Australian politician (born 1981)

Luke Matthew Edmunds (born 7 December 1981) is an Australian politician who was first elected to the Tasmanian Legislative Council as the Labor member for Pembroke at the 2022 Pembroke state by-election, replacing retiring incumbent Jo Siejka.

==Personal life==
Edmunds rents a home with his wife and three children in Bellerive on Hobart's Eastern Shore. He was raised in Launceston, and worked as a journalist for all three of Tasmania's major newspapers: The Examiner, The Mercury and The Advocate, where he was Sports Editor. Edmunds attended Mowbray Primary School, Brooks High School and Newstead College, and studied arts at the University of Tasmania.

==Political career==
A lifelong Labor supporter, Edmunds’ first memory of politics was watching the 1993 Australian Federal Election on television, where Prime Minister Paul Keating captured his attention, as retold in his first speech to Parliament. Edmunds first joined the Party in 2006.

Edmunds was elected to Clarence City Council at the 2018 Tasmanian Local Government Elections. “People are telling me they want Council focused on delivering the basics like good roads, getting our rubbish and recycling right, and investing in our green spaces,” he said during his campaign.

In 2022 Edmunds was endorsed by the Labor Party to run in the Pembroke state by-election. He delivered a strong victory, securing a 63.33% majority after distribution of preferences.

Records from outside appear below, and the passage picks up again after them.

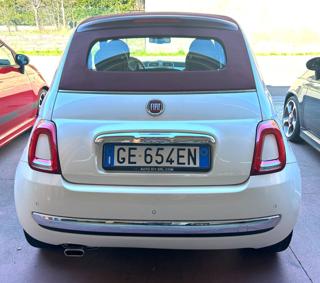 FIAT 500C usata, con Autoradio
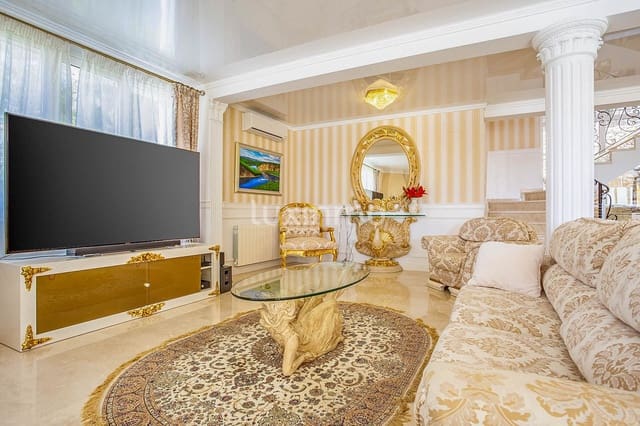 6 chambre Villa/Maison à vendre à Dénia avec piscine garage - 1 450 000 € (Ref: 8828443)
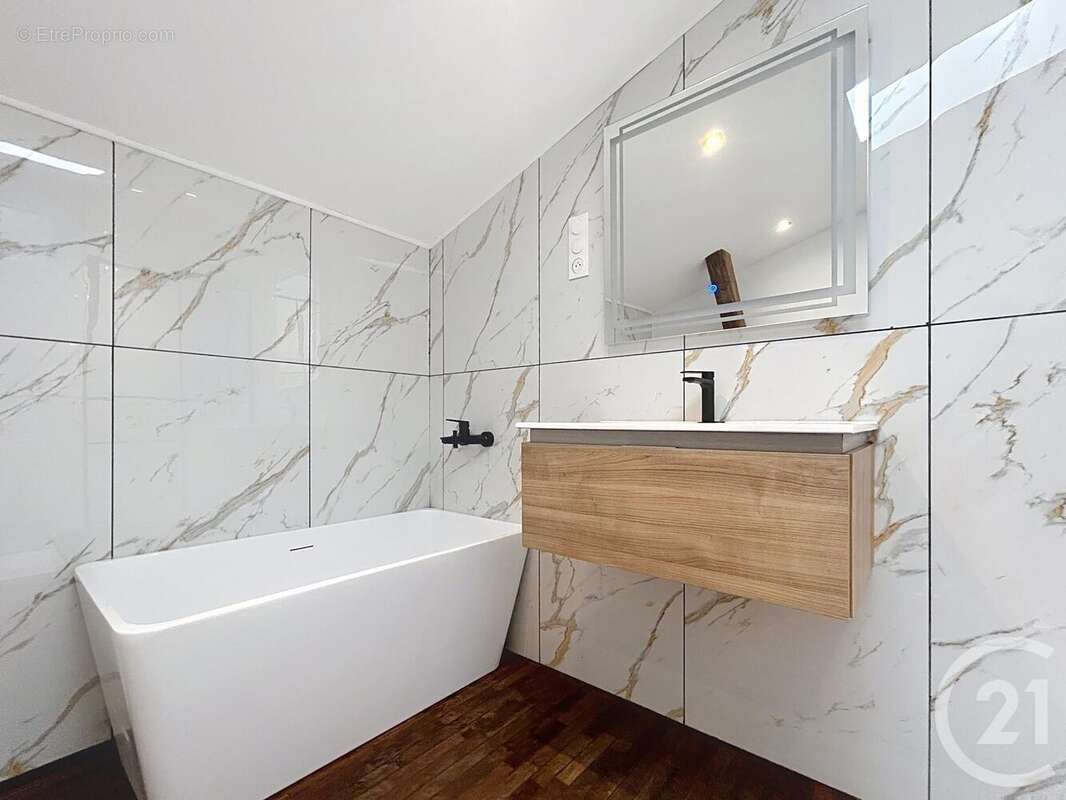 Maison à CHALONS-EN-CHAMPAGNE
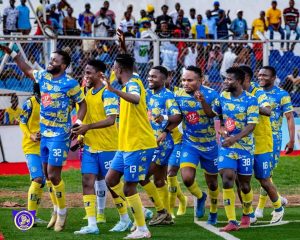 Lire la suite à propos de l’article Ligue 1 – RDC : FC Lupopo supérieur à l’AS Malole, AS Simba écrase FC Blessing 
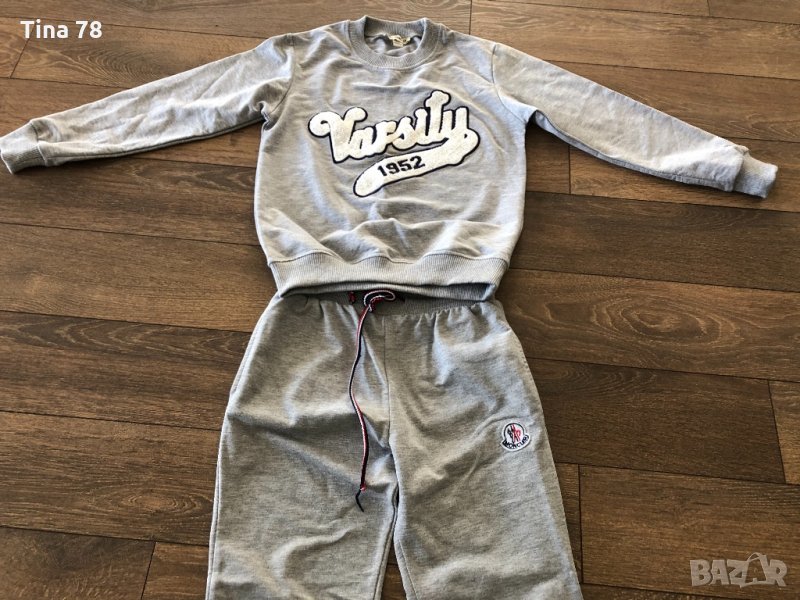 Moncler детски екип -8-9 год , снимка 1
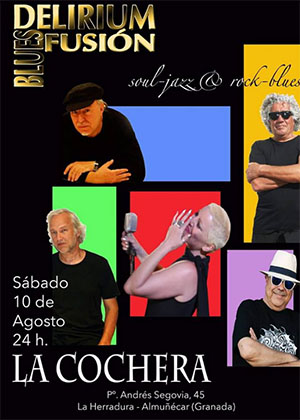 Herradura Cochera Delirium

As the Member for Pembroke Edmunds has praised health workers, fought for funding to support children with hearing loss, stood up for local councils against forced amalgamations – a policy later abandoned by the State Liberal Government, and launched a parliamentary inquiry into Tasmanian power prices.

Edmunds has announced he will recontest the seat of Pembroke at the 2025 periodic Legislative Council election, to be held on 24 May 2025.